WHAT YOU SHOULD DO: What is needed is an exact repetition of the lines below, from the first one through the one holding "Posuvná skříň se", with no pictures and nothing else.

Caption-style text data:

********************

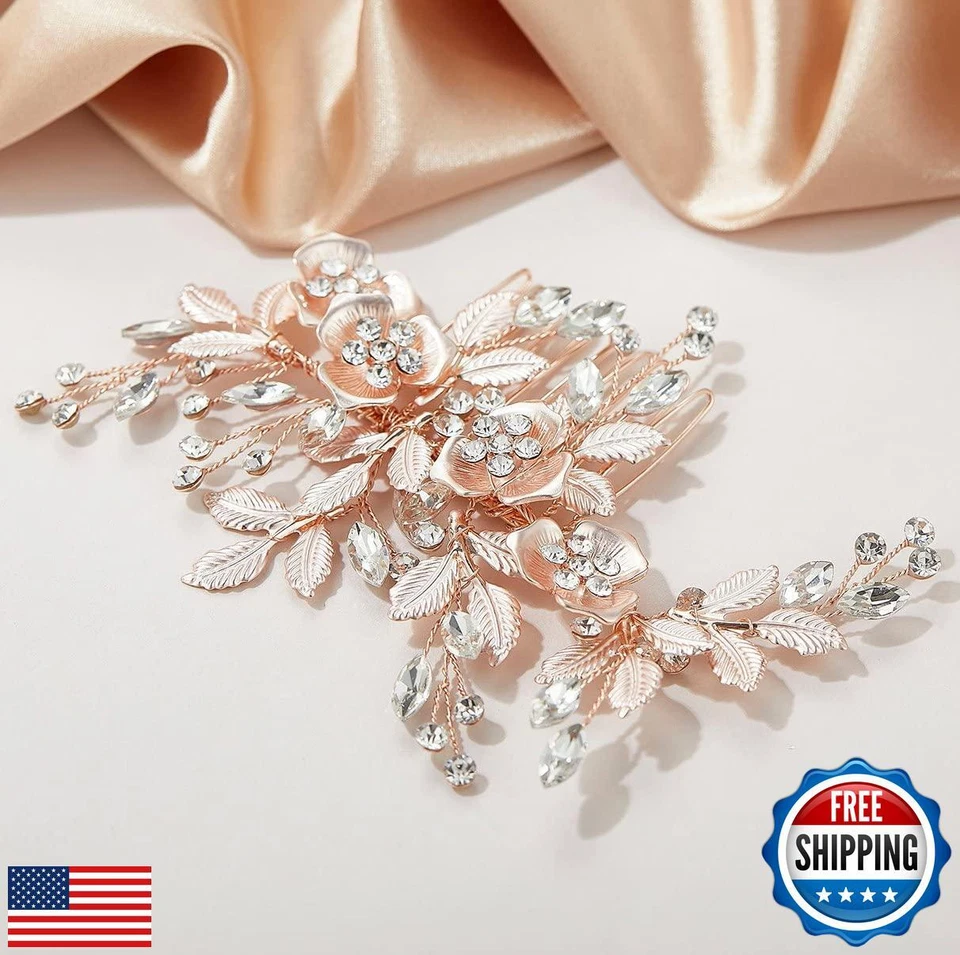 SWEETV Metal Hair Comb, Rhinestone Bridal Hair Clip - Handmade Wedding Hair A - Image 3 of 4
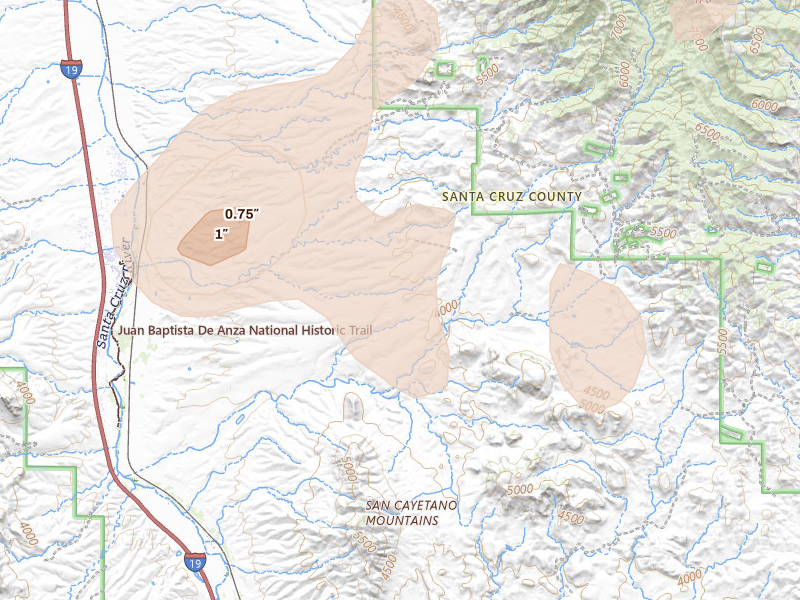 Radar-estimated hail-size map of the storm over Rio Rico, AZ on Aug 23, 2026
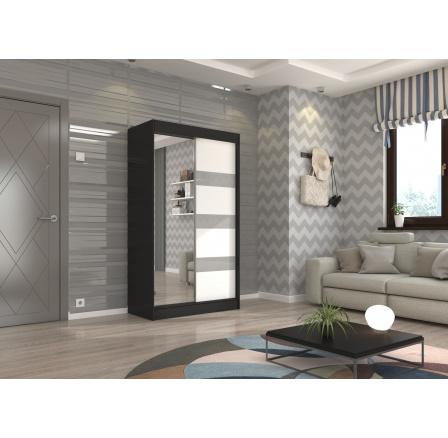 Posuvná skříň se zrcadlem a lacobelem TOURA 120 Černá+Bílá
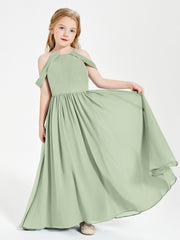 Robes de Demoiselle d'Honneur Junior à Hors de l'Épaule de Rêve Sauge Poudrée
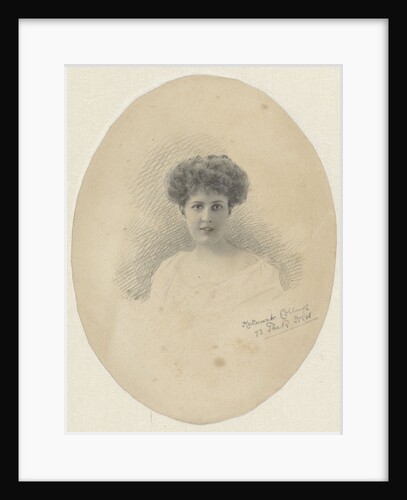 Oval colored portrait of Mrs Heemstra-Hollenberg de Beckfeldt by K. Collings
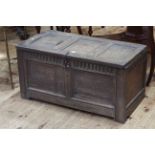 18th Century carved oak coffer, 46cm by 92cm by 48cm (lid loose).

********************

ANSWER TO THE EXERCISE:
 SWEETV Metal Hair Comb, Rhinestone Bridal Hair Clip - Handmade Wedding Hair A - Image 3 of 4
 Radar-estimated hail-size map of the storm over Rio Rico, AZ on Aug 23, 2026
 Posuvná skříň se zrcadlem a lacobelem TOURA 120 Černá+Bílá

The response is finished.